Feel free to PM me if you have any questions or comments.


----------



## Don Fernando (Jan 1, 2000)

I'm in .... add me to the list, please.


----------



## kjd2121 (Jul 13, 2006)

I'll play


----------



## SUOrangeGuy (Feb 22, 2006)

I'm in on this.

Since tins of pipe tobacco are alot havier than your average cigar it may be prudent to use a Priority Mail Flat rate box. 8.10 plus insurance no matter the weight or where in the country we ship.


----------



## smokehouse (Jan 31, 2007)

Im in. I should meet the minimum trade requirement by the time you do your final list at the end of the week. If i don't then next time. p


----------



## Hoplophile (Feb 2, 2007)

OK, I'm in!


----------



## bonggoy (Mar 9, 2006)

SUOrangeGuy said:


> I'm in on this.
> 
> Since tins of pipe tobacco are alot havier than your average cigar it may be prudent to use a Priority Mail Flat rate box. 8.10 plus insurance no matter the weight or where in the country we ship.


Good suggestion.
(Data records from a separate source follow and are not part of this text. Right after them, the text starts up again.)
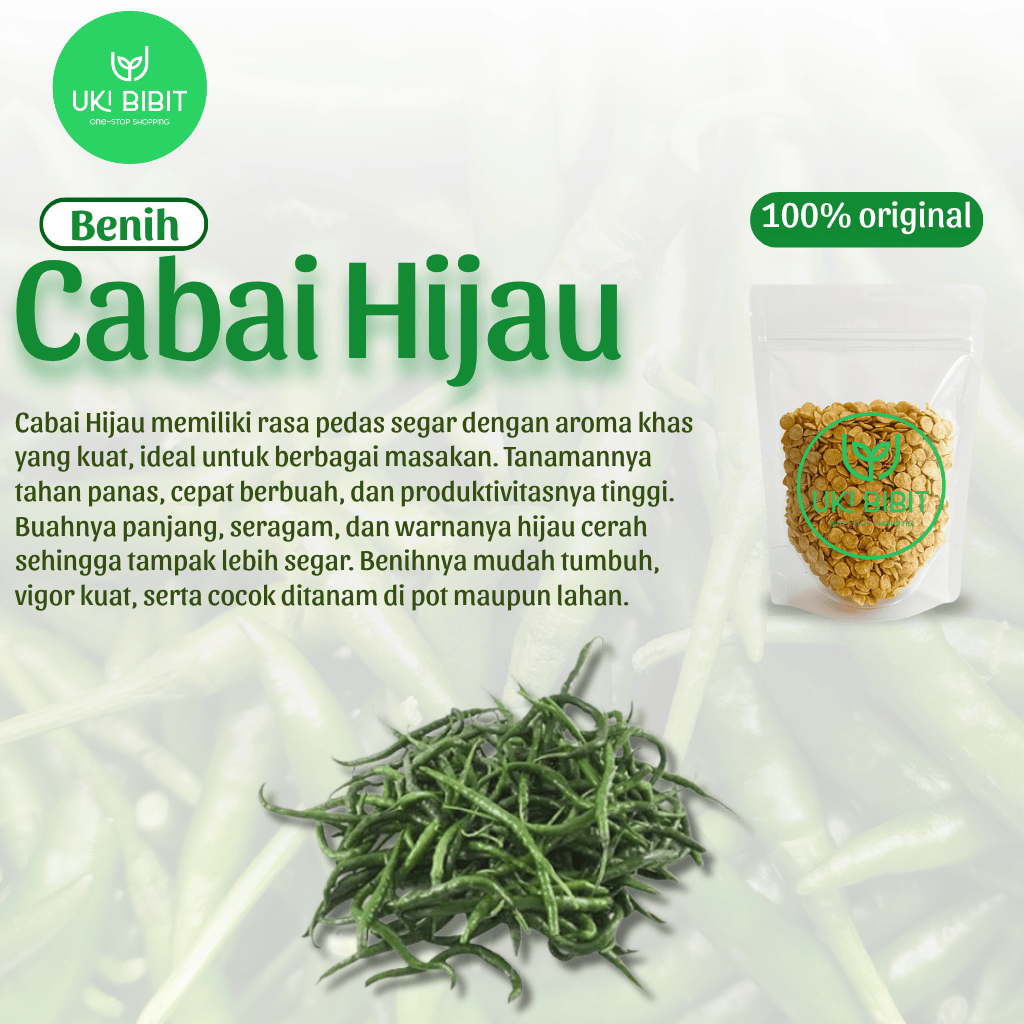 ( 10 Butir ) Benih Biji Cabai Hijau Panjang | Cabe Hijau Lombok | Cabe Hijau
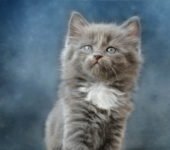 wiersz o kotku Wasylu, wiersze i piosenki dla dzieci o zwierzakach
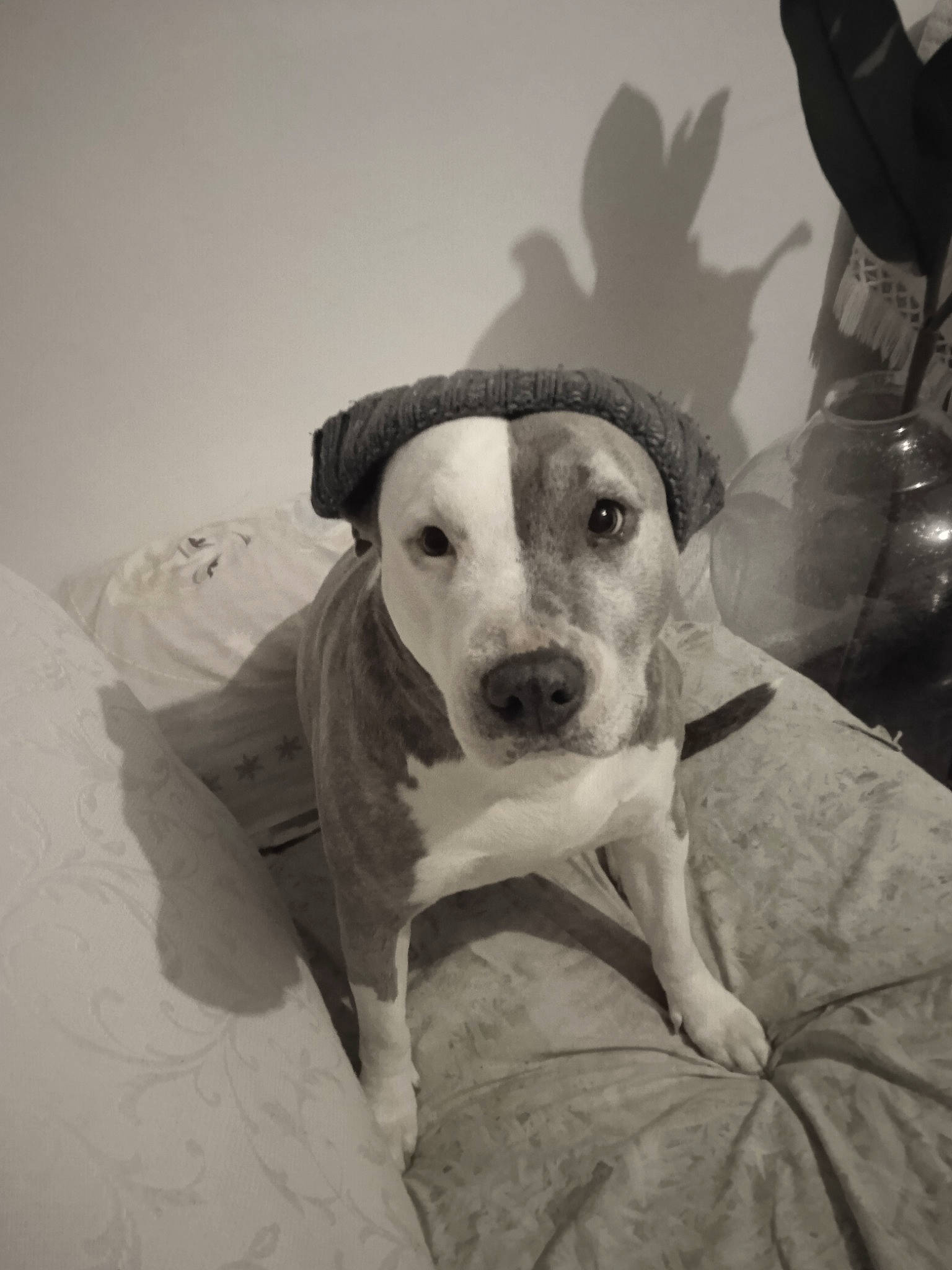 Inaya participe au concours pour gagner de l'argent avec cette photo : black_and_white, canidae, carnivore, comfort, companion_dog, dog, dog_breed, ear, fawn, fedora, fur, grey, monochrome, monochrome_photography, selfie, snout, sporting_group, stock_photography, whiskers, working_animal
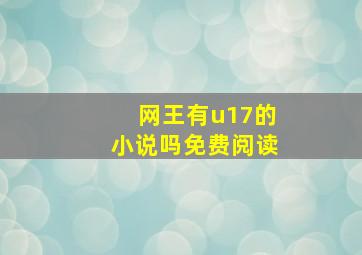 网王有u17的小说吗免费阅读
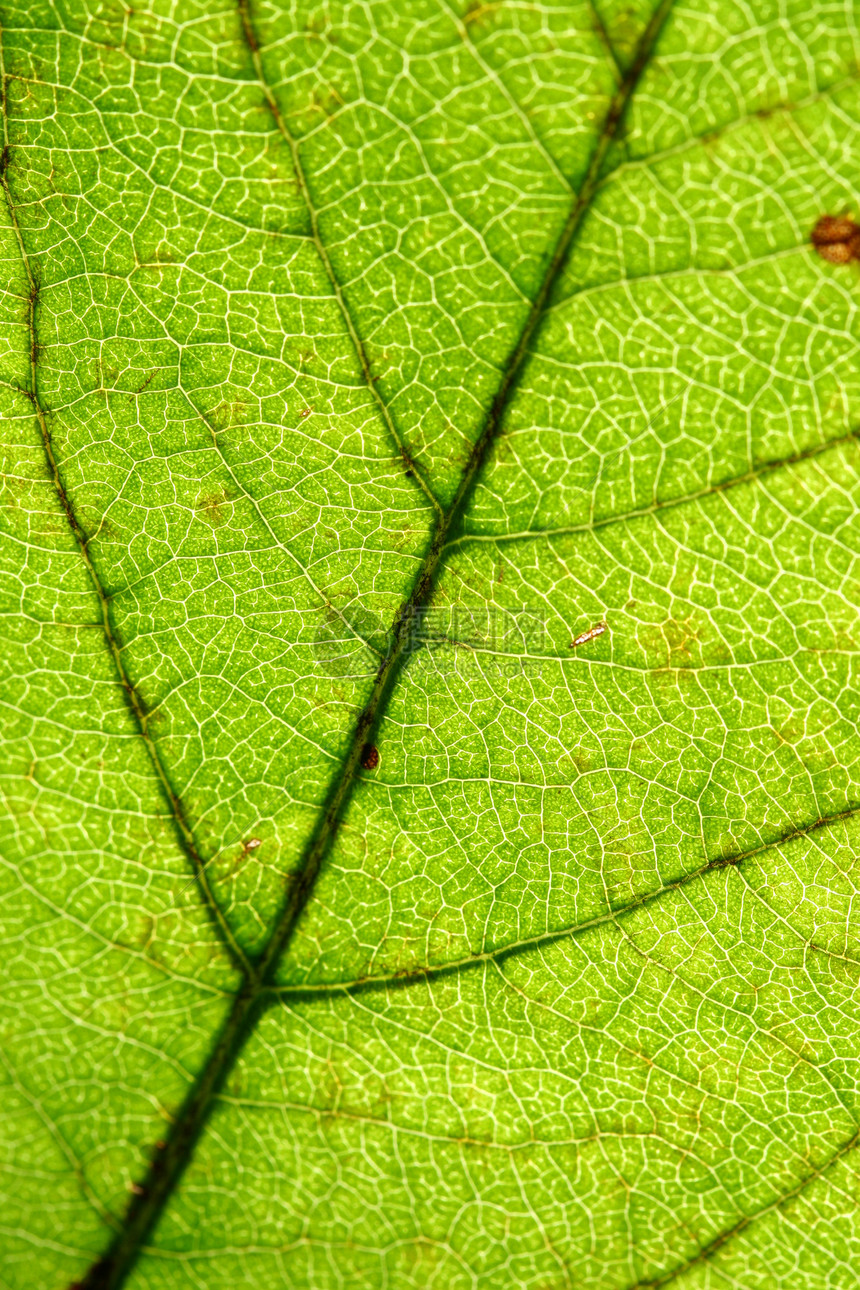 绿叶静脉异国植物花园叶子生长森林植物群桦木网格光合作用图片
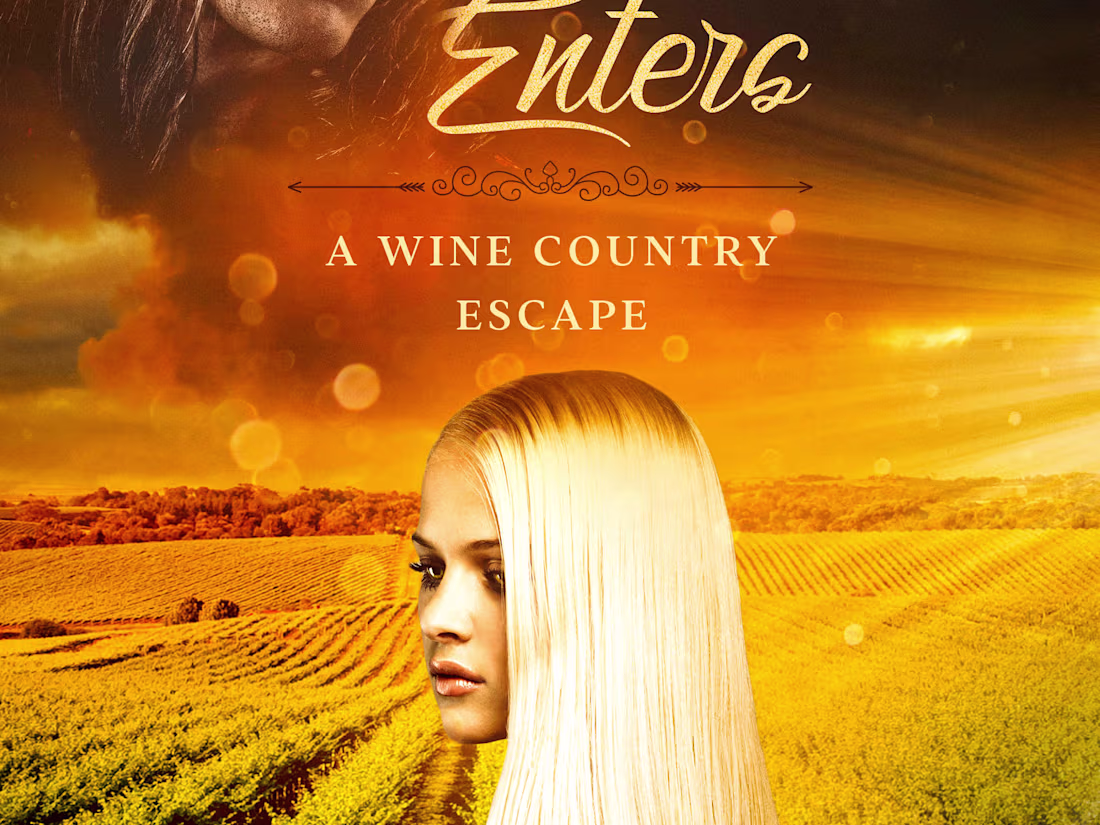 Cover image for Amazon.com: Where the Light Enters: A Wine Country Escape eBook…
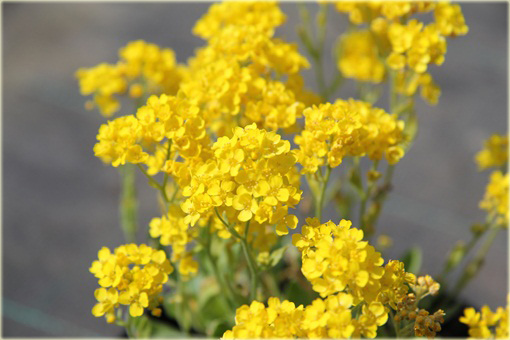 Smagliczka skalna Gold Cushion Alyssum saxatile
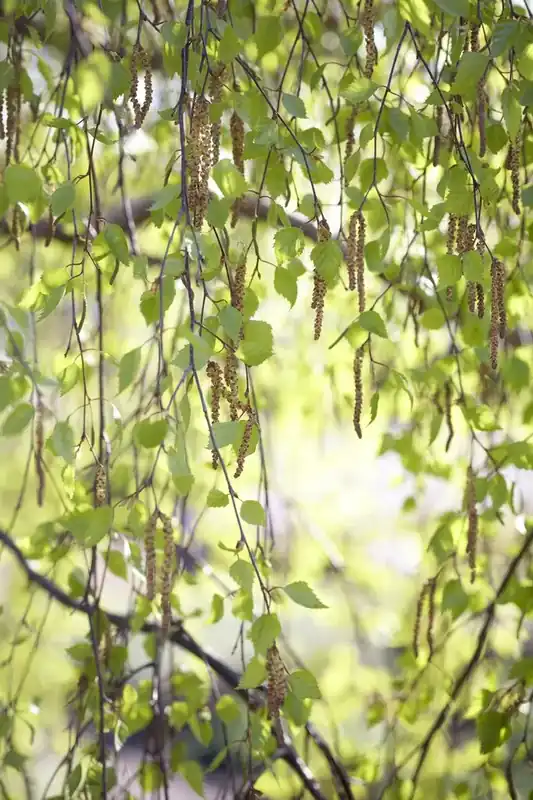 Bijna uitverkocht | Berk, bosplantsoen (Betula pendula)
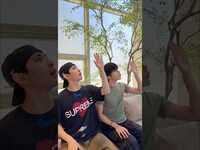 Thumbnail for the Tempest - ˗ˏˋ ꒰ 🐱🐻 ꒱ ˎˊ˗ #TEMPEST #템페스트 #한빈 #HANBIN #LEW link, provided by host site
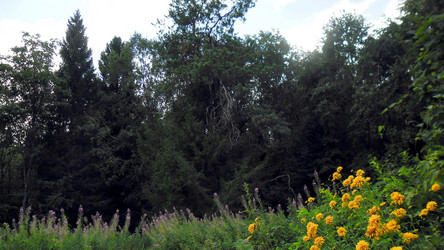 Similar image 21782511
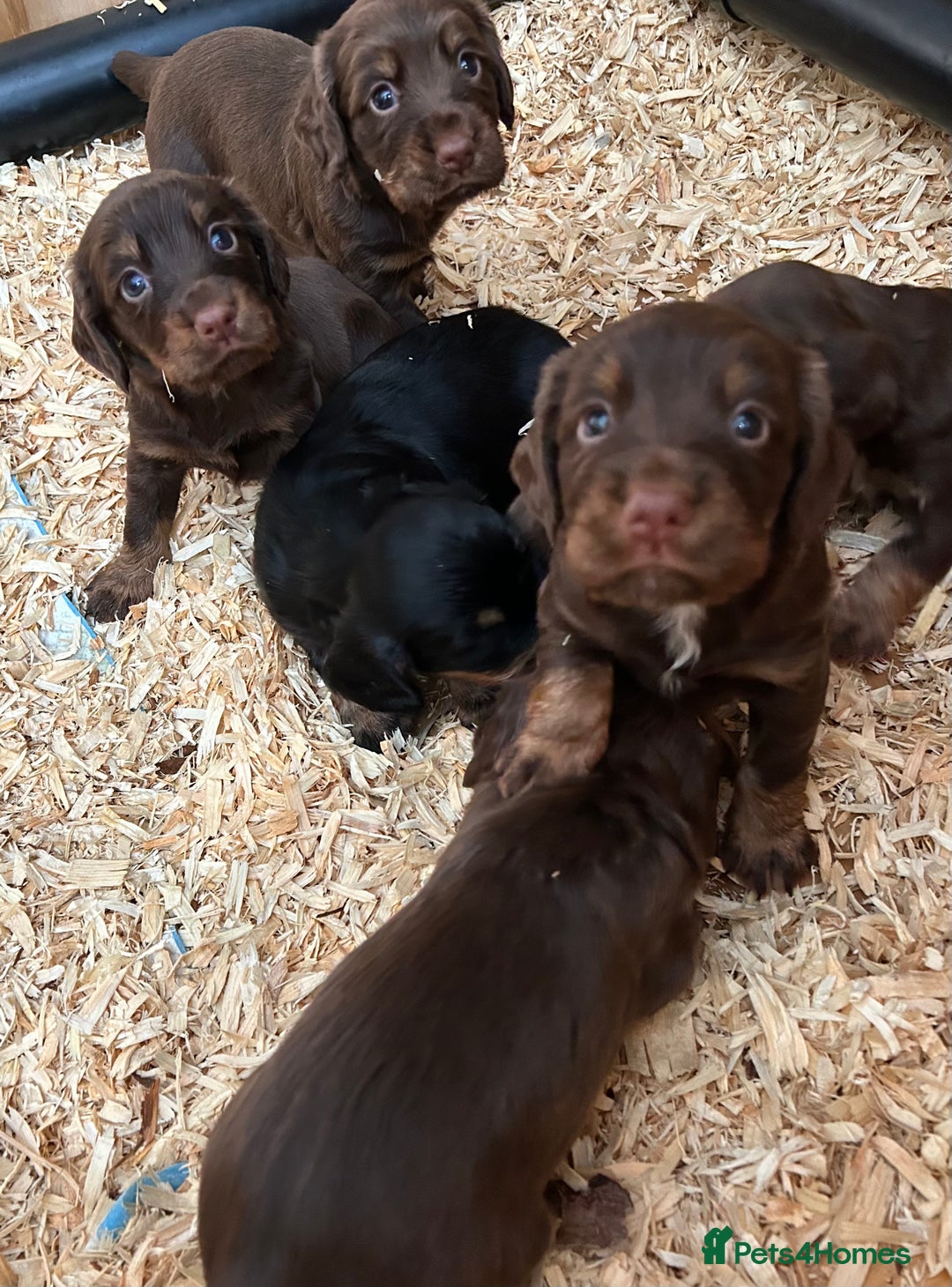 Cocker Spaniel dogs for sale: KC Reg Docked Working Cocker Spaniel puppies - Image 1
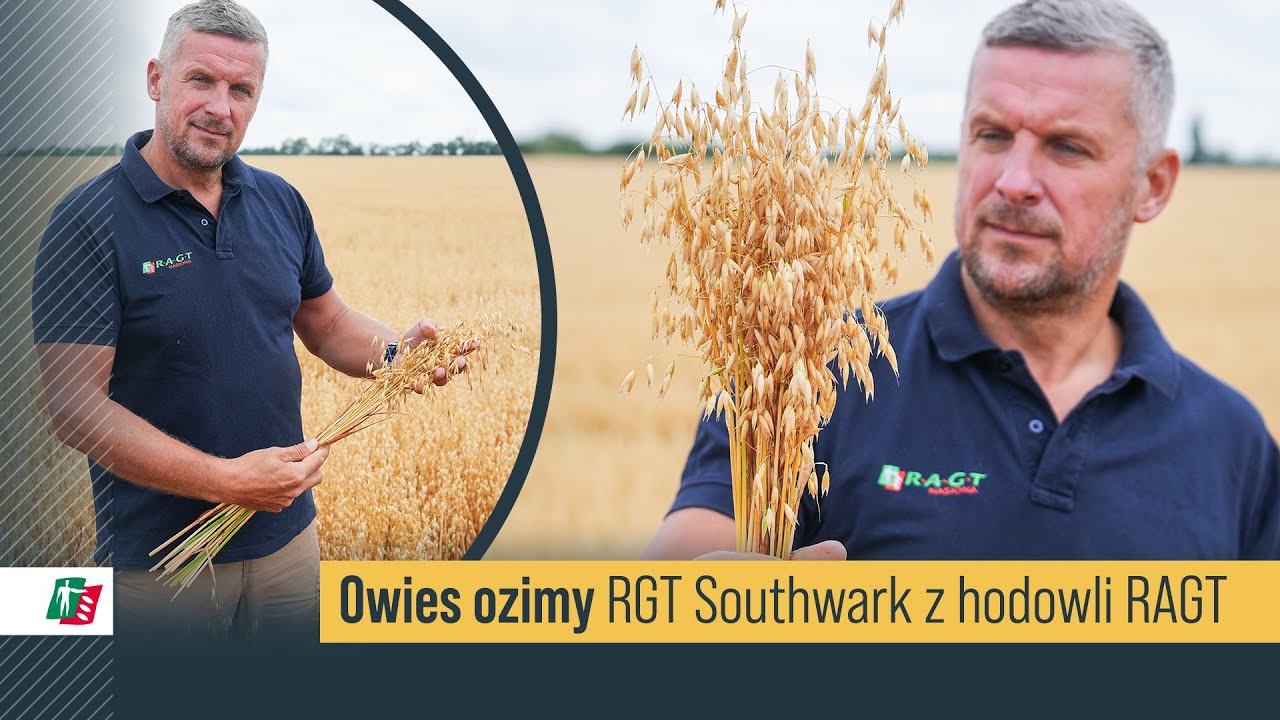 Owies ozimy 🌾❄️ Odmiana owsa ozimego RGT Southwark #rolnictwo #owies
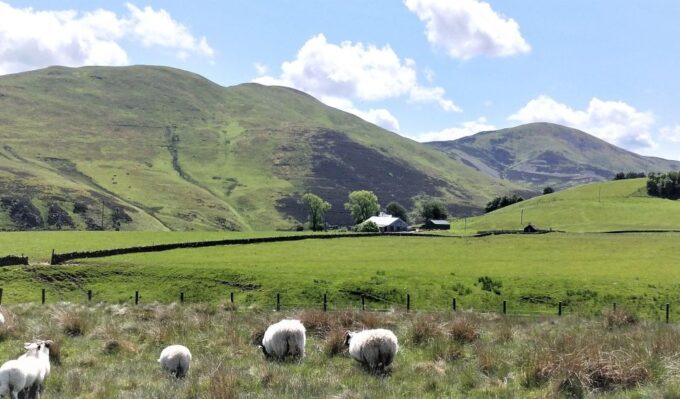 Hill & Nature Hike - Discover Real Edinburgh With a Local - Meeting Details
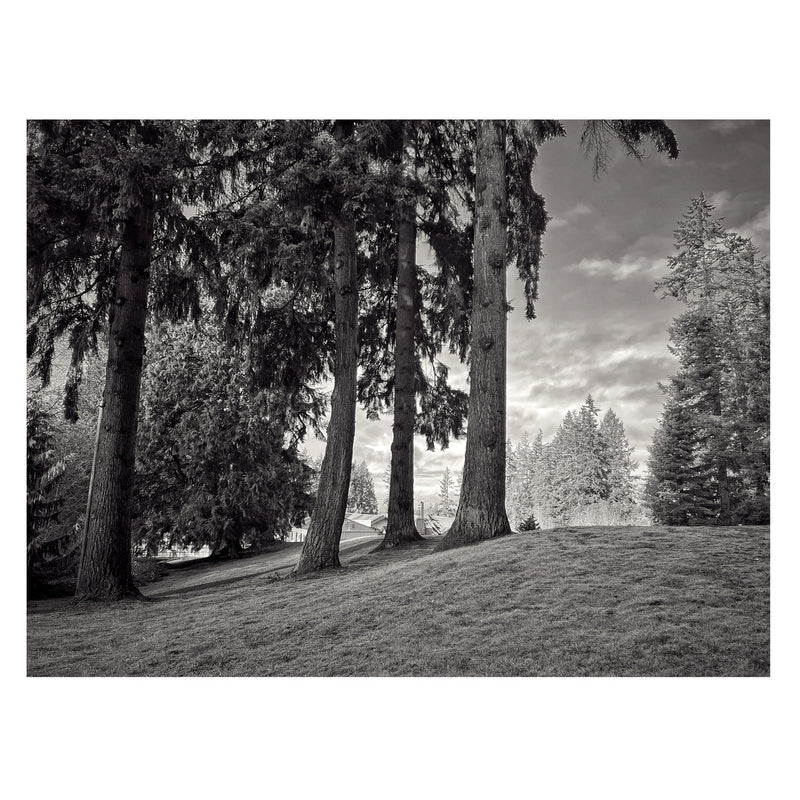 The park near my house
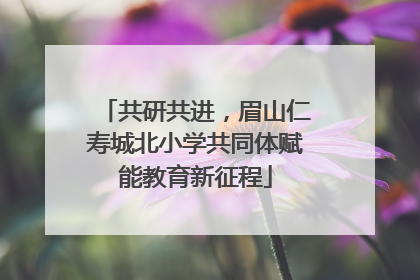 共研共进，眉山仁寿城北小学共同体赋能教育新征程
I will definitely do that.


----------



## bonggoy (Mar 9, 2006)

Here's the tentative list:

DETROITPHA357
DROB
NCRadioMan
designwise1
Barcochris
EvanS
RutKus
GhostRider 
DaveMo (baggies only)
Hoplophile
monsoon
kjd2121
SUOrangeGuy
SmokeHouse (pending completion of another trade)


----------



## EvanS (Dec 29, 2006)

technically I'll probably come up short on the trader feedback. Hopefully I can still come out to play


----------



## bonggoy (Mar 9, 2006)

EvanS said:


> technically I'll probably come up short on the trader feedback. Hopefully I can still come out to play


I'm fine with you joining the pass. You've done enough here to warrant overlooking the minimum requirements. What does the jungle thinks?


----------



## kjd2121 (Jul 13, 2006)

I say with that much RG he can't be all bad - :tu:tu


----------



## Hoplophile (Feb 2, 2007)

bonggoy said:


> I'm fine with you joining the pass. You've done enough here to warrant overlooking the minimum requirements. What does the jungle thinks?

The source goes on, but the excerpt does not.